__What the exercise asks__: An exact copy of the lines from the top of the data through the line with "Personalized Gold Coast" is what you should give, with no pictures in it.

__Dataset section__:

* * * * * * * * *

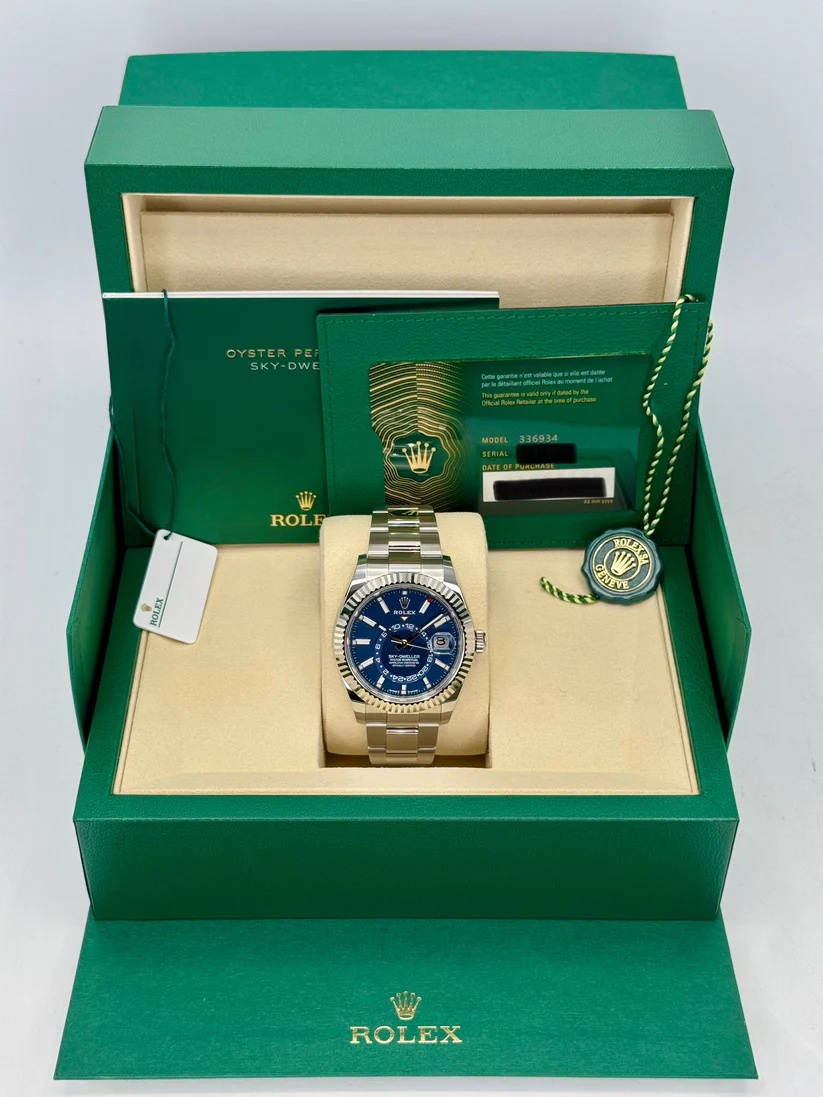 RLX  Sky-Dweller 42mm 336934-0005/0006 Stainless Steel Blue Dial Jubilee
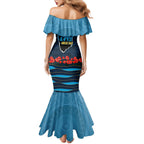 Personalized Gold Coast Titans ANZAC Tribute Family Matching Mermaid Dress and Hawaiian Shirt Poppy Field Soldier Silhouette Aboriginal Rugby Mascot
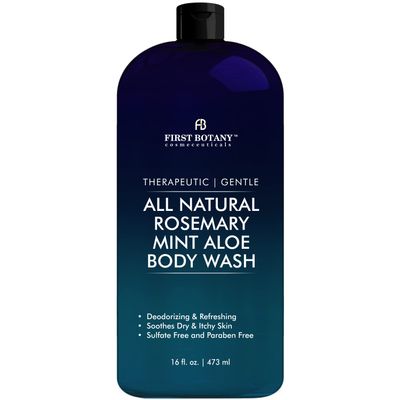 First Botany, ALL Natural Body Wash - Fights Body Odor, Athlete's Foot, Jock Itch, Nail Issues, Dandruff, Acne, Eczema, Shower Gel for Women & Men, Skin Cleanser -16 fl oz (Rosemary Mint)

* * * * * * * * *

__Written answer__:
 RLX  Sky-Dweller 42mm 336934-0005/0006 Stainless Steel Blue Dial Jubilee
 Personalized Gold Coast Titans ANZAC Tribute Family Matching Mermaid Dress and Hawaiian Shirt Poppy Field Soldier Silhouette Aboriginal Rugby Mascot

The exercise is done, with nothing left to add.